Italy-based Intesa Sanpaolo SpA, however, leapfrogged the greatest number of banks on the latest ranking, rising to No. 27 from No. 35, bolstered in part by its pending acquisition of Unione di Banche Italiane SpA. Conversely, Germany-based Commerzbank AG slipped six spots to No. 62, with $478.40 billion in assets, after adjusting for its pending sale of mBank SA.
U.K.-based HSBC Holdings PLC overtook U.S.-based JPMorgan Chase & Co. in this year's ranking to become the No. 6 biggest bank after posting a 6.14% increase in assets at the end of 2019, hitting $2.715 trillion.
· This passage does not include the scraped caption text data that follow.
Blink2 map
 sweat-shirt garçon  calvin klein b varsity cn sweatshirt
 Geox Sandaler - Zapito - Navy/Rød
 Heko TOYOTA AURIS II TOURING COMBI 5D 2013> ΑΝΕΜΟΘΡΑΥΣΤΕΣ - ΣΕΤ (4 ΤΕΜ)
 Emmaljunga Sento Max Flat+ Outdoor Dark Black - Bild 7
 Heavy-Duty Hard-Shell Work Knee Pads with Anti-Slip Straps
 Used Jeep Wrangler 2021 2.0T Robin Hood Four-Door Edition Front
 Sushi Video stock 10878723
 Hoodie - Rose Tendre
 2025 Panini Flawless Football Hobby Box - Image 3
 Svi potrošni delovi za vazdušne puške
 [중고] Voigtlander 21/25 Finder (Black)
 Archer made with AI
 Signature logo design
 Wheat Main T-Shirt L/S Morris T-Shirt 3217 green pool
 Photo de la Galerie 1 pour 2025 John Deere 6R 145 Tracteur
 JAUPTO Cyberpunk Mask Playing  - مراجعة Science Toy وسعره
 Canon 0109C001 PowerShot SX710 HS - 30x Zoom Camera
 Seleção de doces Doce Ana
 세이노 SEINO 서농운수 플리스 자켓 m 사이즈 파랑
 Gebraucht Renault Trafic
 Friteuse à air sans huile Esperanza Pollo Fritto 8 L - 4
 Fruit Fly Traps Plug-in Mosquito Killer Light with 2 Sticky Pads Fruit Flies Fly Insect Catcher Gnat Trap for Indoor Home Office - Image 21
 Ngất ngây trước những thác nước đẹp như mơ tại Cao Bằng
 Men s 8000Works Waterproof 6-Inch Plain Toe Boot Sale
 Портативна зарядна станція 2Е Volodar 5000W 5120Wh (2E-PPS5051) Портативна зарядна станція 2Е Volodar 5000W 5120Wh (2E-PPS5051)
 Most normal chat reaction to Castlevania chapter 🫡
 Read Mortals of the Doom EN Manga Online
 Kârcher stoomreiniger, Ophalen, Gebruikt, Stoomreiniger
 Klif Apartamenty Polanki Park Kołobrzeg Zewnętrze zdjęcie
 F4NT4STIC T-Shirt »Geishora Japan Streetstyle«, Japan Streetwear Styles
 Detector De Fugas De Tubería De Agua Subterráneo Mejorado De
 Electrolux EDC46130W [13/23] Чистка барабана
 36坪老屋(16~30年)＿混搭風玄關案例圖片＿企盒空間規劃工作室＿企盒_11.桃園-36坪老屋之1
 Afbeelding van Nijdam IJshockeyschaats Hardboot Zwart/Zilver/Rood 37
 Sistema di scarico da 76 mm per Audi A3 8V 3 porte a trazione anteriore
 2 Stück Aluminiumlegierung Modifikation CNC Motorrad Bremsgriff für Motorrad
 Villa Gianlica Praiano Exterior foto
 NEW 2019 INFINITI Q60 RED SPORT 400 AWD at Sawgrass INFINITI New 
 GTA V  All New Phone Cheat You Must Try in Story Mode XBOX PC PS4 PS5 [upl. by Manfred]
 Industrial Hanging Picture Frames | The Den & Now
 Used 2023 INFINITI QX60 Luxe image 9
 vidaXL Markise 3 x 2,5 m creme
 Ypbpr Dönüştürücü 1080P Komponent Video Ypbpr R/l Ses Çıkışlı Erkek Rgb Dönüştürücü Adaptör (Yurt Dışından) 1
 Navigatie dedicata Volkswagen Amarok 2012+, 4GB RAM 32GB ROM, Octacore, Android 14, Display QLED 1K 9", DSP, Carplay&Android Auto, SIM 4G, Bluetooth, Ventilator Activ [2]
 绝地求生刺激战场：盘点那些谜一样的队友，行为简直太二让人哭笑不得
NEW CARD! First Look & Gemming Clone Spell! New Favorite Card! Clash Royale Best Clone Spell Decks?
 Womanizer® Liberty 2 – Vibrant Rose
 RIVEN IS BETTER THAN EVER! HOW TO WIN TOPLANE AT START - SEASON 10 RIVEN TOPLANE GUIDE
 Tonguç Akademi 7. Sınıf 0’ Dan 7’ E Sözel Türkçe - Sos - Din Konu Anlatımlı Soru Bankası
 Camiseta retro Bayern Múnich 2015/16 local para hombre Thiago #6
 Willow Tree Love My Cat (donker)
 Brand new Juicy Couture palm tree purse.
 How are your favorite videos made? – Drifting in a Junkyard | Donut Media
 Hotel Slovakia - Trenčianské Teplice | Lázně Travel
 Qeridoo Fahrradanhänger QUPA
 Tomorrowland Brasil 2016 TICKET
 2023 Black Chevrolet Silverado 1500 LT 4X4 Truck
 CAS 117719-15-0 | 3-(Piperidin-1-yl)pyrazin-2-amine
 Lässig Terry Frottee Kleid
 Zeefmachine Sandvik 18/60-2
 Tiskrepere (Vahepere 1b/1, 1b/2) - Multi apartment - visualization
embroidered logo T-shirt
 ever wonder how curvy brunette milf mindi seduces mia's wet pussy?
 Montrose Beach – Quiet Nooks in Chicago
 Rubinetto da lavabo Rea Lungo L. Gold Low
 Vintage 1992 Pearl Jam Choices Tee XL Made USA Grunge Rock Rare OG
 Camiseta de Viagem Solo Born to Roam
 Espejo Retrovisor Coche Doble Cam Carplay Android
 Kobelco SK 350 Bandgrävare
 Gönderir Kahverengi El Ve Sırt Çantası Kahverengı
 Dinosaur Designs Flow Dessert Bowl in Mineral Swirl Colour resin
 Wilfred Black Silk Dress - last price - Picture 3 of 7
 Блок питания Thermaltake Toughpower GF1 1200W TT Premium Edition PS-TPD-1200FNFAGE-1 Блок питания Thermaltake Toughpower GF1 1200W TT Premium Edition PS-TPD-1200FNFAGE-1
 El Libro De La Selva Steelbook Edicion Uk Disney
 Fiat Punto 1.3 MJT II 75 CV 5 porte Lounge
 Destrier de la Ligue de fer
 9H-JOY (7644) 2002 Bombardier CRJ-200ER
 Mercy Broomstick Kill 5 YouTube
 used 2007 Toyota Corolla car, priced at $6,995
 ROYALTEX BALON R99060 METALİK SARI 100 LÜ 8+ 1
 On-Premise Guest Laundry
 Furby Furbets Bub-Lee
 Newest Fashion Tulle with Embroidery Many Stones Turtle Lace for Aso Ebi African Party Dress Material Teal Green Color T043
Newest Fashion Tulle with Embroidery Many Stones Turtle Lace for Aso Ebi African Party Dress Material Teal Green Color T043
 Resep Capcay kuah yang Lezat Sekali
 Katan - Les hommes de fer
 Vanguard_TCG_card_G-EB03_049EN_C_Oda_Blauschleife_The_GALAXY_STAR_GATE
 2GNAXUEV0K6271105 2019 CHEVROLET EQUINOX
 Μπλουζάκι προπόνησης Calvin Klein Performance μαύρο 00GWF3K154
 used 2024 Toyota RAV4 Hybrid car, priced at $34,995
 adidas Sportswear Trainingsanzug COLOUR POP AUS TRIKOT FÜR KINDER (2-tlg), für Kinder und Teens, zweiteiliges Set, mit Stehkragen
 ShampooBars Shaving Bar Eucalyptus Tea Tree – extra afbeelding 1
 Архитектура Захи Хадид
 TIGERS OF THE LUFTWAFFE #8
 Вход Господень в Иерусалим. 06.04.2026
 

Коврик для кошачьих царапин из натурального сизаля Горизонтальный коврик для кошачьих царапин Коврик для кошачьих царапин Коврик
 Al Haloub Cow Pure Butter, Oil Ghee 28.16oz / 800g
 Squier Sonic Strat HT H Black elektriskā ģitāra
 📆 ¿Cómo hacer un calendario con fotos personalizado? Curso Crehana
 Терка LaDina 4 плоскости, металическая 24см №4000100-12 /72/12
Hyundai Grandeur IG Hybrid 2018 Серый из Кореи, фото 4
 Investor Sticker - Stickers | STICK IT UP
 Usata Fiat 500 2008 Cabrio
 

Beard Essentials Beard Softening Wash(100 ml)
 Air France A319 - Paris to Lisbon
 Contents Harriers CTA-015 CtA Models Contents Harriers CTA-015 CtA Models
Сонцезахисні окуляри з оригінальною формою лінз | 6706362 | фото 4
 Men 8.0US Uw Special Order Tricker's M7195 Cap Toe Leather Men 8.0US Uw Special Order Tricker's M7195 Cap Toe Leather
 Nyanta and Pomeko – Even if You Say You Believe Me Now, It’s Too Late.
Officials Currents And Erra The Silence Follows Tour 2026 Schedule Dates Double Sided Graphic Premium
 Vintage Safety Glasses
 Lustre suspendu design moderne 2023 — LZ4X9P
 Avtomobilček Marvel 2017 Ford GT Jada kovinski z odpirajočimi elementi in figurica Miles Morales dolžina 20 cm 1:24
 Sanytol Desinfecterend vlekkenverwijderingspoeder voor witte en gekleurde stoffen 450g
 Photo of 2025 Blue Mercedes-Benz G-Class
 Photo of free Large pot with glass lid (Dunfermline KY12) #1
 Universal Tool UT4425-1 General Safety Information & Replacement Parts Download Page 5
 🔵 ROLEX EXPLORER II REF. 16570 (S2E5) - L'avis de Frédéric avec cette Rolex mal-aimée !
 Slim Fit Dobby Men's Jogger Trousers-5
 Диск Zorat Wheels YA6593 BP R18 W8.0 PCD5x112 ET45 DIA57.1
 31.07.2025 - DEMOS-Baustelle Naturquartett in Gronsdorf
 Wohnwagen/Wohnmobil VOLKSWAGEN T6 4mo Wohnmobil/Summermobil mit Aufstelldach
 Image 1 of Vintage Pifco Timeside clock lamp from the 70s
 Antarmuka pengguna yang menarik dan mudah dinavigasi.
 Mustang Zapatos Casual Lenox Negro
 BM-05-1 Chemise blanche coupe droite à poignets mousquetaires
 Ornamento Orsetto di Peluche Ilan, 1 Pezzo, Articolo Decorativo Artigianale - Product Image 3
But while JPMorgan Chase slipped one spot to No. 7, it continues to be the largest bank in the United States. The banking giant would have ranked two spots higher, at No. 5, had it reported in IFRS instead of U.S. GAAP. Under IFRS, the gross value of derivatives are reported while U.S. GAAP requires the net value to be reflected.
This year's ranking also includes three new entrants, including Raiffeisen Gruppe Switzerland which landed on the No. 99 spot with $256.43 billion, and Qatar National Bank (QPSC) which landed on No. 96 with assets of $259.48 billion. With assets of $473.08 billion for the No. 63 spot, this year also marks the first appearance for Truist Financial Corp., the entity created from the 2019 merger of BB&T Corp. and SunTrust Banks Inc. However, the pro forma assets of the combined entity were considered in the previous ranking and clocked it at No. 62 last year.
China remains to be home to the greatest number of top 100 banks, with 19 institutions collectively holding assets worth $25.814 trillion. The U.S. followed next with 11 institutions holding combined assets of $13.039 trillion.